INSTRUCTIONS TO FOLLOW: Please write out every line of the material, leaving out any picture.

DATA SHOWN:

◆ ◆ ◆

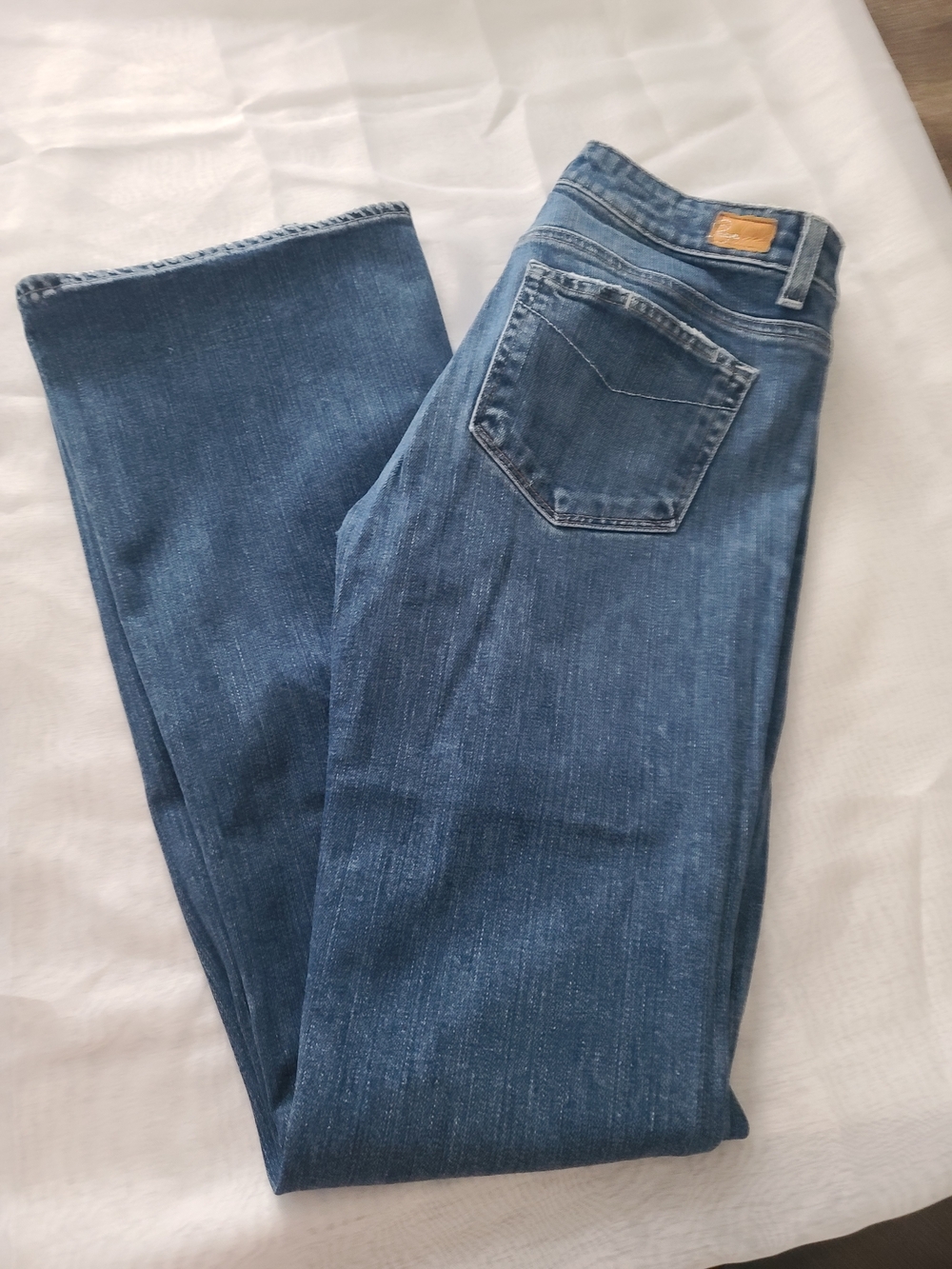 PAIGE Hollywood Hills Bootcut Jeans Size 30 Medium Wash Stretch Denim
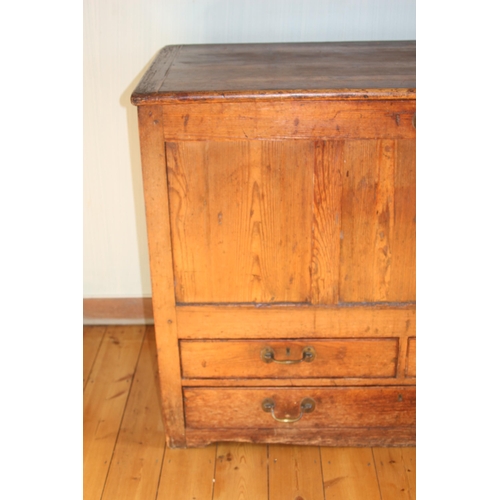 42 - ANTIQUE PITCH PINE COFFER (MQ)
117 X 56 X 91CM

◆ ◆ ◆

RESPONSE BELOW:
 PAIGE Hollywood Hills Bootcut Jeans Size 30 Medium Wash Stretch Denim
 42 - ANTIQUE PITCH PINE COFFER (MQ)
117 X 56 X 91CM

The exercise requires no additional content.